- **Assigned task**: Repeat the records in full and exactly, omitting pictures.
═══ Material for the task
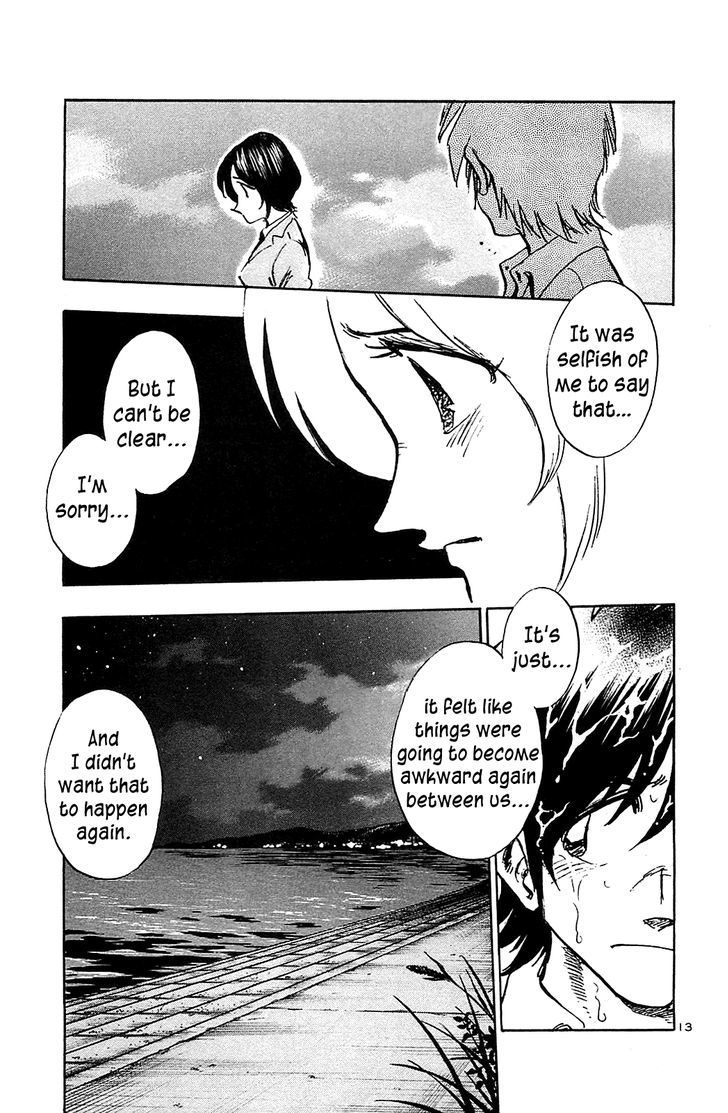 Hoshi No Furu Machi - Vol.6 Chapter 57 : It Feels Like Love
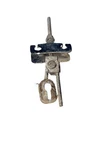 97-06 Jeep Tj Wrangler Emergency E-brake Splitter Adjuster Oem Threaded #1014. Fixed Price $19.99.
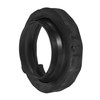 jojofuny Leakproof Toilet Flange Seal Thick Rubber Ring for Bathroom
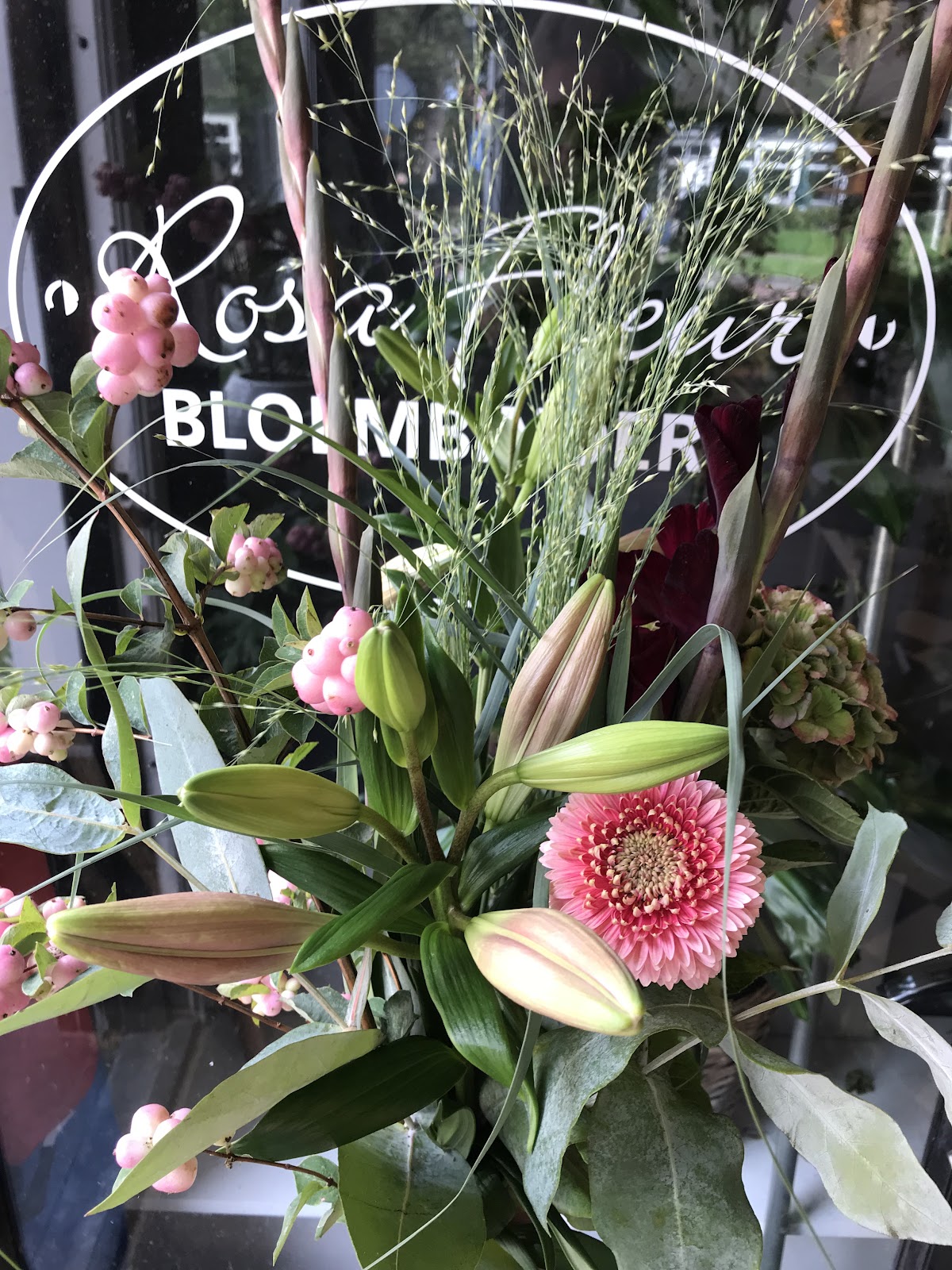 Foto van Bloembinderij Rosafleur in Leeuwarden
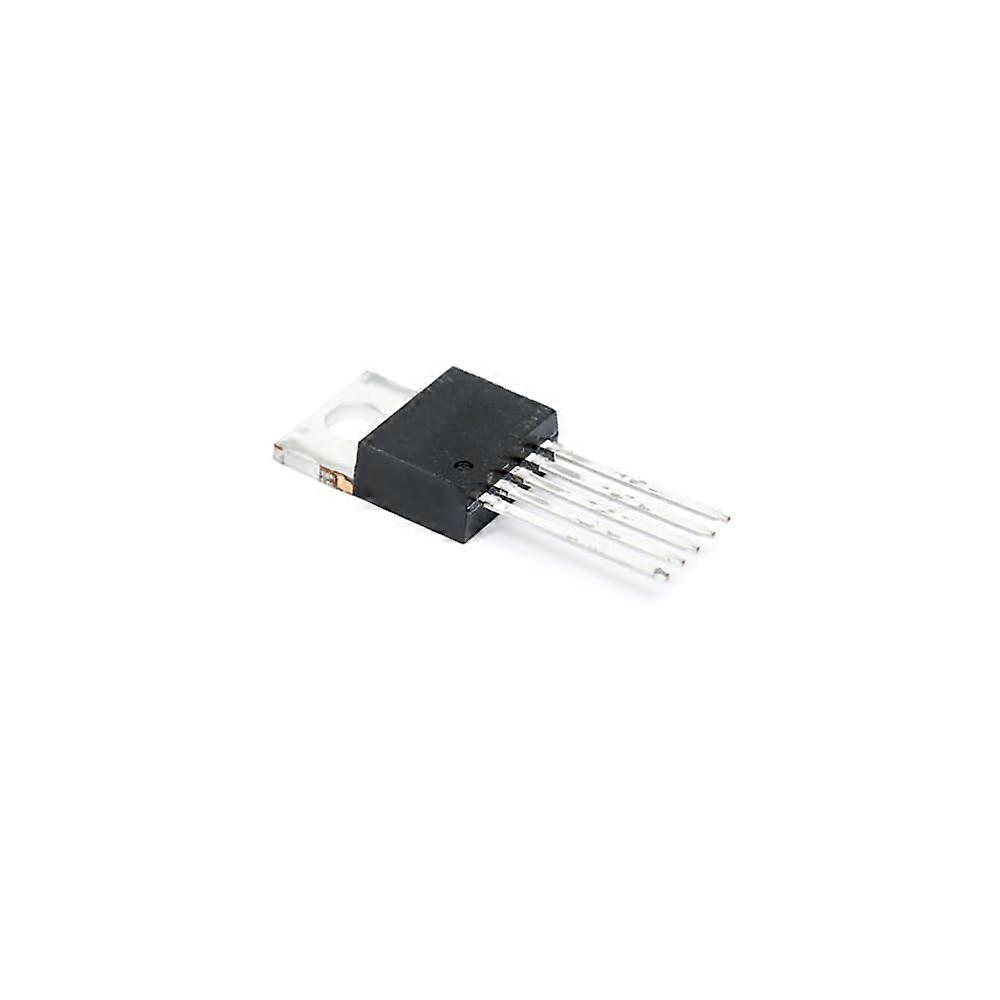 LM2575 Adjustable Voltage Regulator DCDC Buck Converter TO220  Efficiency 3 Pack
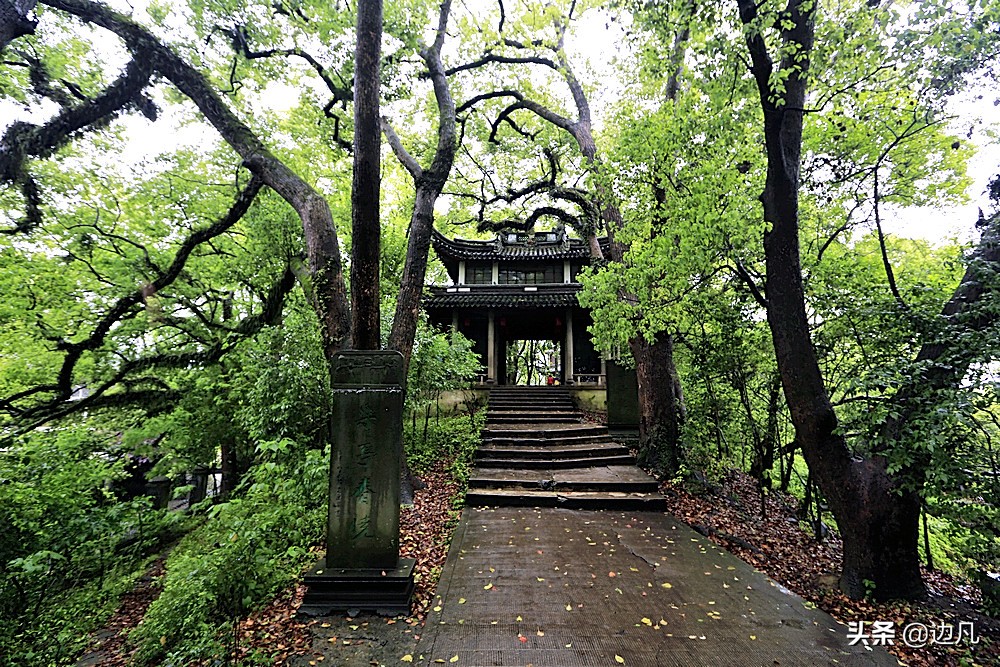 浙江奉化溪口蒋母之墓,浙江奉化溪口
══════
- **Result below**:
 Hoshi No Furu Machi - Vol.6 Chapter 57 : It Feels Like Love
 97-06 Jeep Tj Wrangler Emergency E-brake Splitter Adjuster Oem Threaded #1014. Fixed Price $19.99.
 jojofuny Leakproof Toilet Flange Seal Thick Rubber Ring for Bathroom
 Foto van Bloembinderij Rosafleur in Leeuwarden
 LM2575 Adjustable Voltage Regulator DCDC Buck Converter TO220  Efficiency 3 Pack
 浙江奉化溪口蒋母之墓,浙江奉化溪口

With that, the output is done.